Start of Supplied data

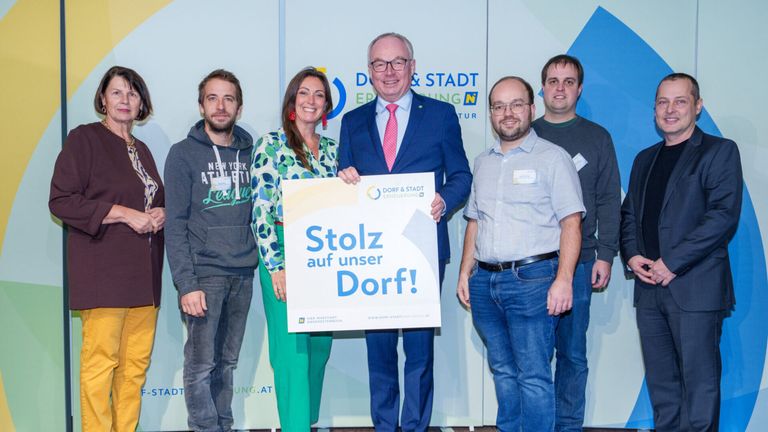 Fünf Personen stehen vor einem Hintergrund mit blau-weißem Design. Der Mann in der Mitte hält ein Schild mit der Aufschrift 'Stolz auf unser Dorf!' in Blau. Die Frau neben ihm trägt grüne Hosen. Hinter ihnen trägt ein weiterer Mann ein graues Sweatshirt.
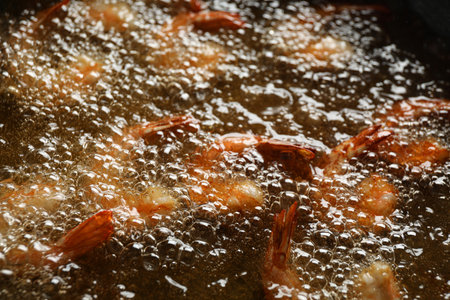 Cooking delicious shrimps in hot oil, closeupの写真素材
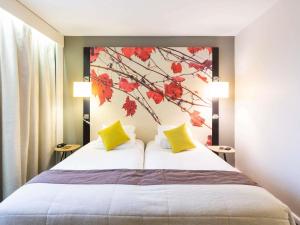 a bedroom with two beds with yellow and red leaves on the wall at Mercure Bordeaux Centre Ville in Bordeaux
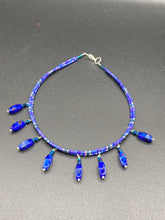 Load image into Gallery viewer, This Vibrant Royal Blue Glass Beaded Choker Necklace features two adjustable strands of deep blue beads with purple hues. The Bohemian style jewelry includes a mixture of rectangular-shaped blue, purple, and silver glass beads, which come together to create an eye-catching and elegant look. Perfect for any outfit, this draping necklace will add a vibrant and bold touch to your style.  Measurements:    Necklace is 14 3/4” in length, can be adjusted up to 16"
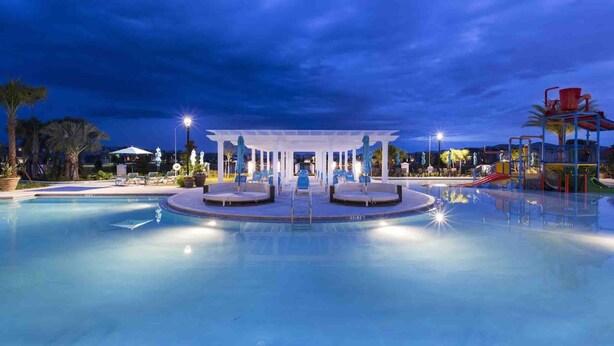 A swimming pool with a covered seating area and a children's play structure. - Westside Charm | Games Room | Kids Bedrooms (Kissimmee)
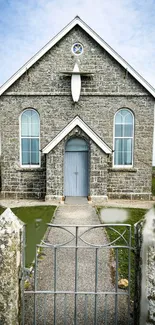 Mobile wallpaper of a stone church with arched windows and rustic surroundings.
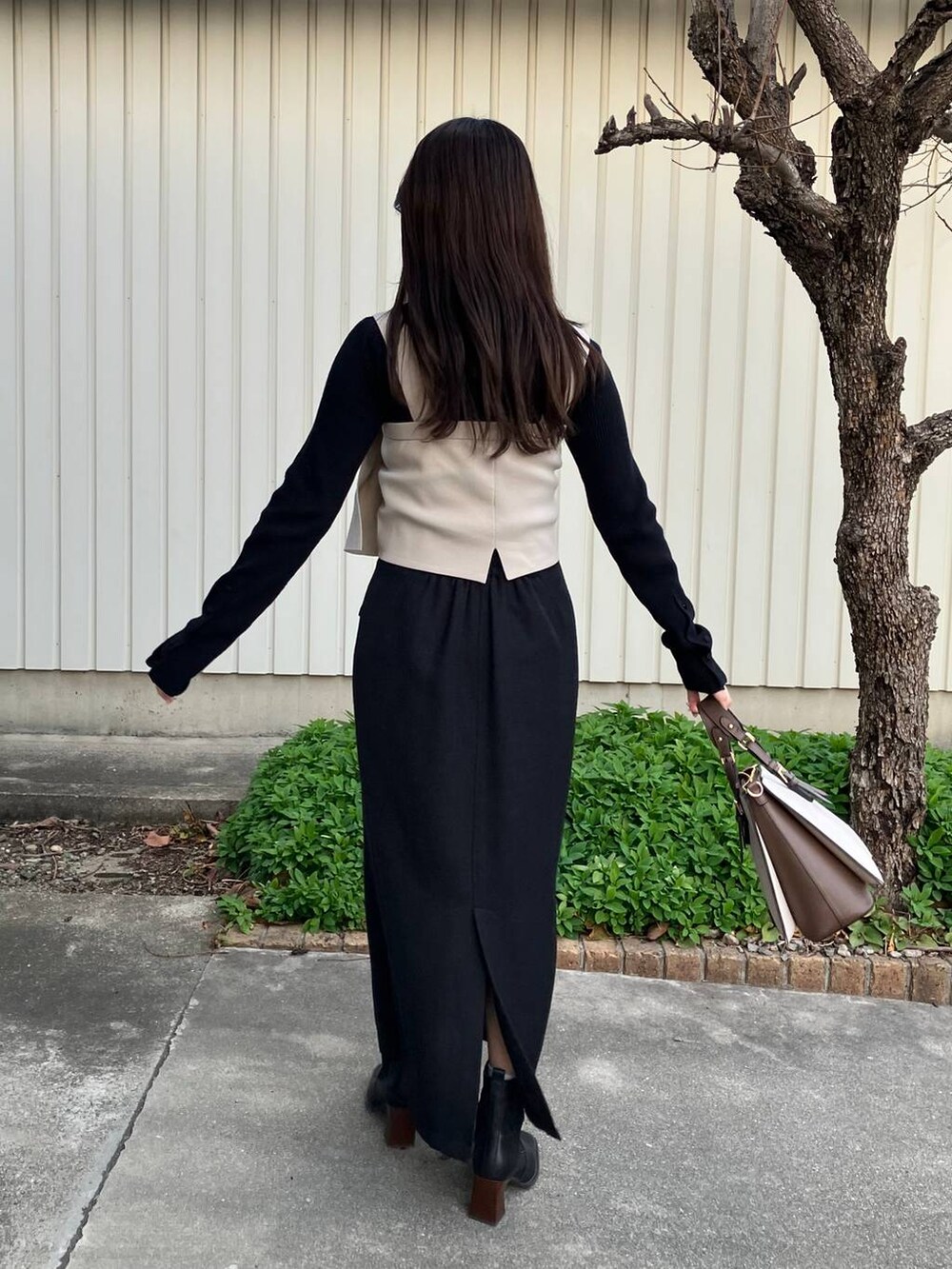 ブラック系のニット/セーター、ブラック系のスカート、ホワイト系のトートバッグを着用したレディースの冬コーディネートの2枚目の写真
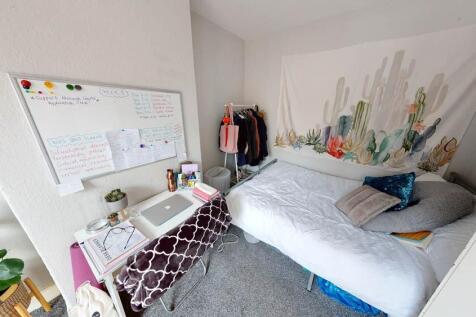 A bright and tidy student bedroom featuring a c...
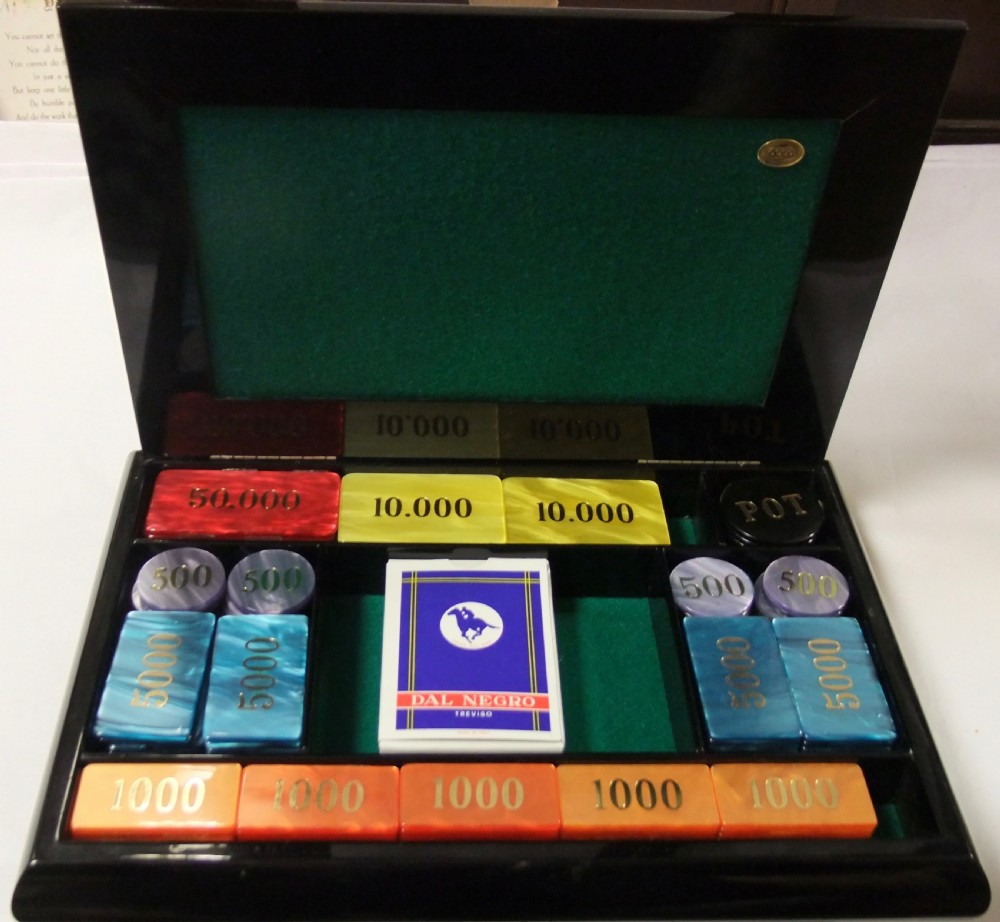 A rectangular black lacquer box featuring an inset silver and enamel lid panel depicting playing card faces and suit motifs. View IX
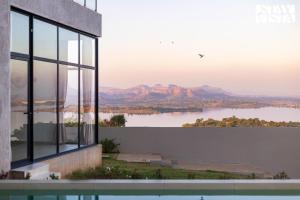 StayVista at Aria by the Hills with Pool, Lawn, Wi-Fi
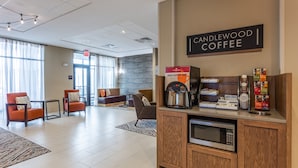 A modern lobby with a coffee station, seating area, and an exit sign. - Candlewood Suites Fargo South- Medical Center by IHG (Fargo)
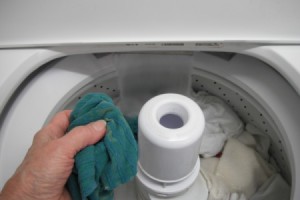 Using a wet washcloth to wipe down the washer and dryer.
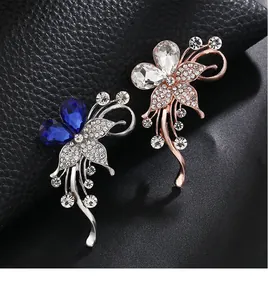 Macro detail shot of elegant crystal butterfly brooches in blue and rose gold finishes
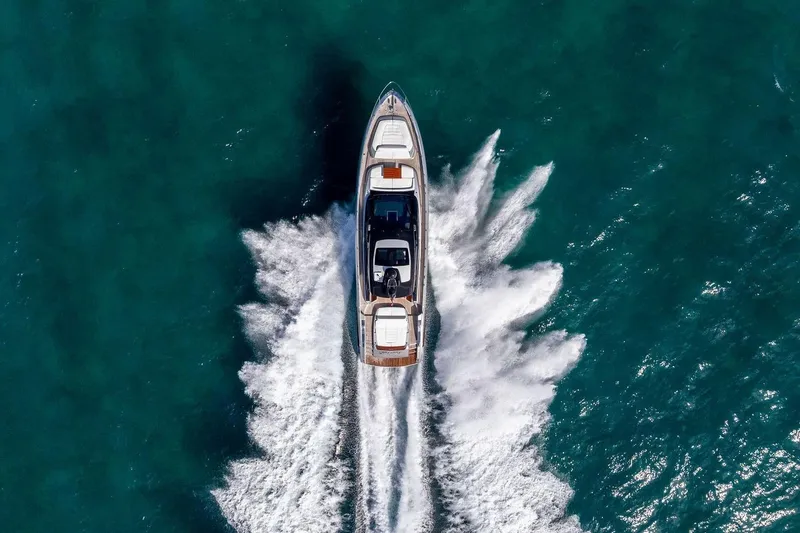 Slide: The Image of Aerial view of 2023 Riva 68 Diable yacht cruising on turquoise water. - 8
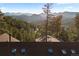 Stunning view of the distant mountains, a hillside covered in trees, and roof with skylights in the foreground at 4560 Hilltop Rd, Evergreen, CO 80439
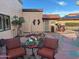 Relaxing courtyard oasis with seating and southwestern accents at 13418 W Stardust Blvd, Sun City West, AZ 85375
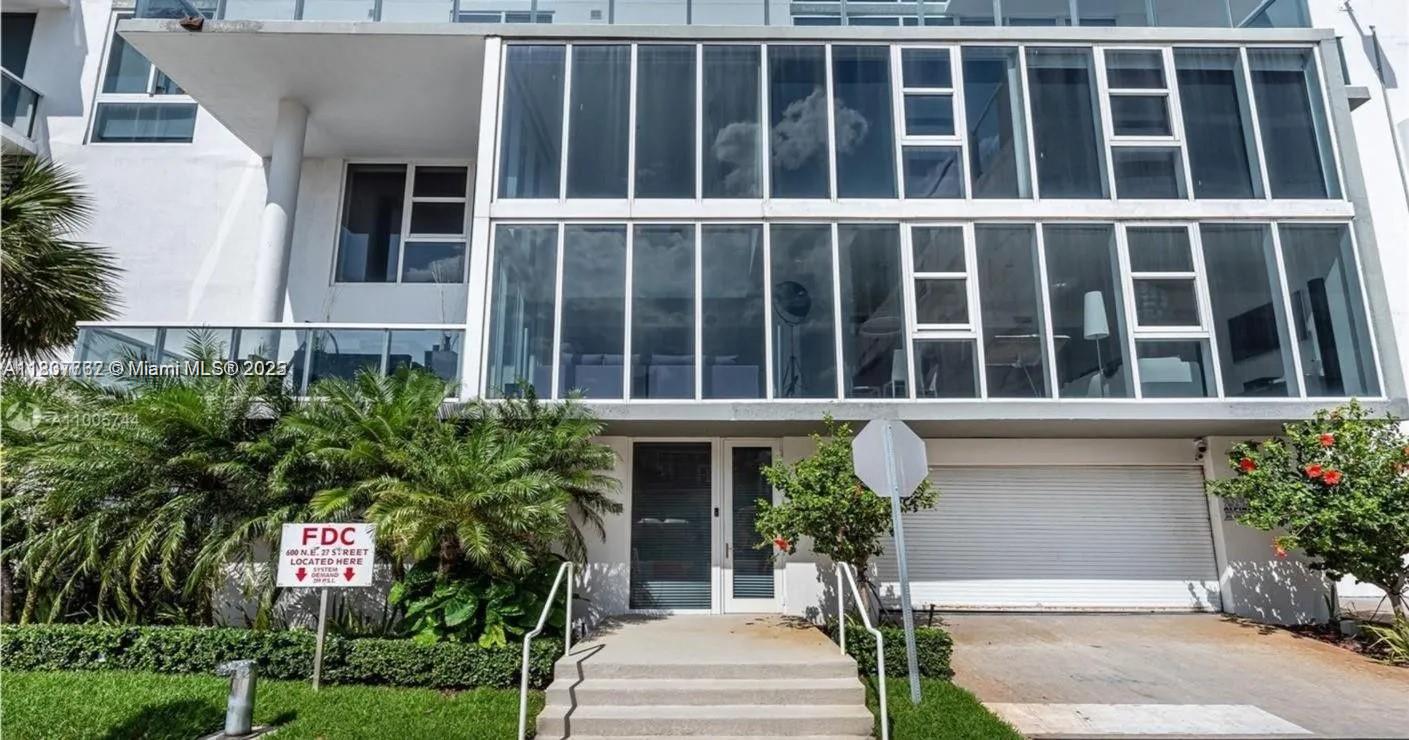 An exclusive opportunity to own a unique one-of, Developeres unit. A completely custom, 3 story Townhouse, located in the upper east side of the ever so popular Edgewater neighborhood. Walking distance to both Design District and Midtown. The house sits on the south side of the newly trending Bay House Luxury Residence Tower. With full access to the building. Well complimented by a breath-taking bay view rooftop pool with full size cabanas and barbecues. The only unit with a private 2 car garage and its own private entrance. Unlike any other of its kind, it was additionally architecturally designed with a full terrace on the 2nd floor rather than just a terrace on the roof.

End of Supplied data

* What you should do
Only the lines starting at the one with "Using a wet" and ending at the one with "Relaxing courtyard oasis" should be printed, each exactly as it appears in the material above; the pictures are to be omitted.

* Result
 Using a wet washcloth to wipe down the washer and dryer.
 Macro detail shot of elegant crystal butterfly brooches in blue and rose gold finishes
 Slide: The Image of Aerial view of 2023 Riva 68 Diable yacht cruising on turquoise water. - 8
 Stunning view of the distant mountains, a hillside covered in trees, and roof with skylights in the foreground at 4560 Hilltop Rd, Evergreen, CO 80439
 Relaxing courtyard oasis with seating and southwestern accents at 13418 W Stardust Blvd, Sun City West, AZ 85375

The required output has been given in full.